(Data extracted from a collection)
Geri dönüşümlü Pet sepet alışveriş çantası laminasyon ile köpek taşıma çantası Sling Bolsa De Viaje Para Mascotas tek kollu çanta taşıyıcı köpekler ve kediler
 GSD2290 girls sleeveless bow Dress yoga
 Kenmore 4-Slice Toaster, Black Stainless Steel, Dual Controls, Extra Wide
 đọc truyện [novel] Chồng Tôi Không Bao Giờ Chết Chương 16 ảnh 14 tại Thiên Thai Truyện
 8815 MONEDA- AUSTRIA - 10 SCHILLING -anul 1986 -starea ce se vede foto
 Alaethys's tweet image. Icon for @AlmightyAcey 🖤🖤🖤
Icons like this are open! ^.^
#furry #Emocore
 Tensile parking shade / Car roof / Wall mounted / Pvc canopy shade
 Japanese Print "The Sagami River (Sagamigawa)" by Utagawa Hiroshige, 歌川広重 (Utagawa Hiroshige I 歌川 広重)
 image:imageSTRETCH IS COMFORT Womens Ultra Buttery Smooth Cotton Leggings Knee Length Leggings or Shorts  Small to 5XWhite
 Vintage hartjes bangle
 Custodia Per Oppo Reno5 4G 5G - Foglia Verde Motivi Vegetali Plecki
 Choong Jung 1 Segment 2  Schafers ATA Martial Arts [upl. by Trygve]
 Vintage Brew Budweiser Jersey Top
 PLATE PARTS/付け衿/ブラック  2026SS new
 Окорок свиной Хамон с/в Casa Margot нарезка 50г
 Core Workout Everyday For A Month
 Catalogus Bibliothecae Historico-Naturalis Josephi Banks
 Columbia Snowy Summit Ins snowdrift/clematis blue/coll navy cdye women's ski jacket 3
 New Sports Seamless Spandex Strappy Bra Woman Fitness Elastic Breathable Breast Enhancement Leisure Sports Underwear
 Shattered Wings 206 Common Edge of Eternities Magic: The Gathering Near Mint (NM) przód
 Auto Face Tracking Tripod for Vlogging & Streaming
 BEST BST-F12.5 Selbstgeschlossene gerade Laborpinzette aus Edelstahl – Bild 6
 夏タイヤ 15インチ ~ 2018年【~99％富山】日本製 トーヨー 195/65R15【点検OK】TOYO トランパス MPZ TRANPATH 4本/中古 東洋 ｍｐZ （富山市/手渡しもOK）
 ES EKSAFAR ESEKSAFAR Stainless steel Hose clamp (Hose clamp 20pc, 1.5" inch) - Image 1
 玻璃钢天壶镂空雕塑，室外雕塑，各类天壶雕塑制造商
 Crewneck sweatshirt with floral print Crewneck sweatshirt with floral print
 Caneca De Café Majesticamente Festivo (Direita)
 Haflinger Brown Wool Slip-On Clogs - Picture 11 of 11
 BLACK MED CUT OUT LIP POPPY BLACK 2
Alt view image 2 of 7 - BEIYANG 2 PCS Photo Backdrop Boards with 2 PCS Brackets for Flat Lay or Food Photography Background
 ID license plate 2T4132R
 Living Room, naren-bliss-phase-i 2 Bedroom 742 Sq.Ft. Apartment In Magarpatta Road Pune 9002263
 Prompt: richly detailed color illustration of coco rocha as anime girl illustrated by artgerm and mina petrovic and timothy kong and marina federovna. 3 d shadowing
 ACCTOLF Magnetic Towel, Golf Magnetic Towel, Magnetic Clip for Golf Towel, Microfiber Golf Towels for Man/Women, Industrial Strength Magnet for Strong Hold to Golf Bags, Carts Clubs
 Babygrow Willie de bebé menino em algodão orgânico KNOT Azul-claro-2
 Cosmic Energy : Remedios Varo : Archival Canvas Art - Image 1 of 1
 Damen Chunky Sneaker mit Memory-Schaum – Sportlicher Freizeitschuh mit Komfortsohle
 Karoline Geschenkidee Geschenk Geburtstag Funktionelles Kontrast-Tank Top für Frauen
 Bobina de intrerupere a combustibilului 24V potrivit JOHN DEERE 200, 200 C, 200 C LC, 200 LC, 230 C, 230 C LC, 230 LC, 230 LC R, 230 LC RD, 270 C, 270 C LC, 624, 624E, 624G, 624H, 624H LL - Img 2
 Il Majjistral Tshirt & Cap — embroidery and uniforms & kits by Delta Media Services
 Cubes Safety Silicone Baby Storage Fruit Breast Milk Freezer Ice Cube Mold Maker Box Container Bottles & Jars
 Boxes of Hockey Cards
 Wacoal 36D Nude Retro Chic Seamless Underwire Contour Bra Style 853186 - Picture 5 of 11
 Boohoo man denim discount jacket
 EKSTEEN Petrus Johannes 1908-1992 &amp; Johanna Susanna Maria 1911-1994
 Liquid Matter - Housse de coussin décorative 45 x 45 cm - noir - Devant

ACTIVITY: Copy out the line holding "Shattered Wings 206". Then copy every later line of the data, unchanged, through the last one.

THE COMPLETED TASK:
 Shattered Wings 206 Common Edge of Eternities Magic: The Gathering Near Mint (NM) przód
 Auto Face Tracking Tripod for Vlogging & Streaming
 BEST BST-F12.5 Selbstgeschlossene gerade Laborpinzette aus Edelstahl – Bild 6
 夏タイヤ 15インチ ~ 2018年【~99％富山】日本製 トーヨー 195/65R15【点検OK】TOYO トランパス MPZ TRANPATH 4本/中古 東洋 ｍｐZ （富山市/手渡しもOK）
 ES EKSAFAR ESEKSAFAR Stainless steel Hose clamp (Hose clamp 20pc, 1.5" inch) - Image 1
 玻璃钢天壶镂空雕塑，室外雕塑，各类天壶雕塑制造商
 Crewneck sweatshirt with floral print Crewneck sweatshirt with floral print
 Caneca De Café Majesticamente Festivo (Direita)
 Haflinger Brown Wool Slip-On Clogs - Picture 11 of 11
 BLACK MED CUT OUT LIP POPPY BLACK 2
Alt view image 2 of 7 - BEIYANG 2 PCS Photo Backdrop Boards with 2 PCS Brackets for Flat Lay or Food Photography Background
 ID license plate 2T4132R
 Living Room, naren-bliss-phase-i 2 Bedroom 742 Sq.Ft. Apartment In Magarpatta Road Pune 9002263
 Prompt: richly detailed color illustration of coco rocha as anime girl illustrated by artgerm and mina petrovic and timothy kong and marina federovna. 3 d shadowing
 ACCTOLF Magnetic Towel, Golf Magnetic Towel, Magnetic Clip for Golf Towel, Microfiber Golf Towels for Man/Women, Industrial Strength Magnet for Strong Hold to Golf Bags, Carts Clubs
 Babygrow Willie de bebé menino em algodão orgânico KNOT Azul-claro-2
 Cosmic Energy : Remedios Varo : Archival Canvas Art - Image 1 of 1
 Damen Chunky Sneaker mit Memory-Schaum – Sportlicher Freizeitschuh mit Komfortsohle
 Karoline Geschenkidee Geschenk Geburtstag Funktionelles Kontrast-Tank Top für Frauen
 Bobina de intrerupere a combustibilului 24V potrivit JOHN DEERE 200, 200 C, 200 C LC, 200 LC, 230 C, 230 C LC, 230 LC, 230 LC R, 230 LC RD, 270 C, 270 C LC, 624, 624E, 624G, 624H, 624H LL - Img 2
 Il Majjistral Tshirt & Cap — embroidery and uniforms & kits by Delta Media Services
 Cubes Safety Silicone Baby Storage Fruit Breast Milk Freezer Ice Cube Mold Maker Box Container Bottles & Jars
 Boxes of Hockey Cards
 Wacoal 36D Nude Retro Chic Seamless Underwire Contour Bra Style 853186 - Picture 5 of 11
 Boohoo man denim discount jacket
 EKSTEEN Petrus Johannes 1908-1992 &amp; Johanna Susanna Maria 1911-1994
 Liquid Matter - Housse de coussin décorative 45 x 45 cm - noir - Devant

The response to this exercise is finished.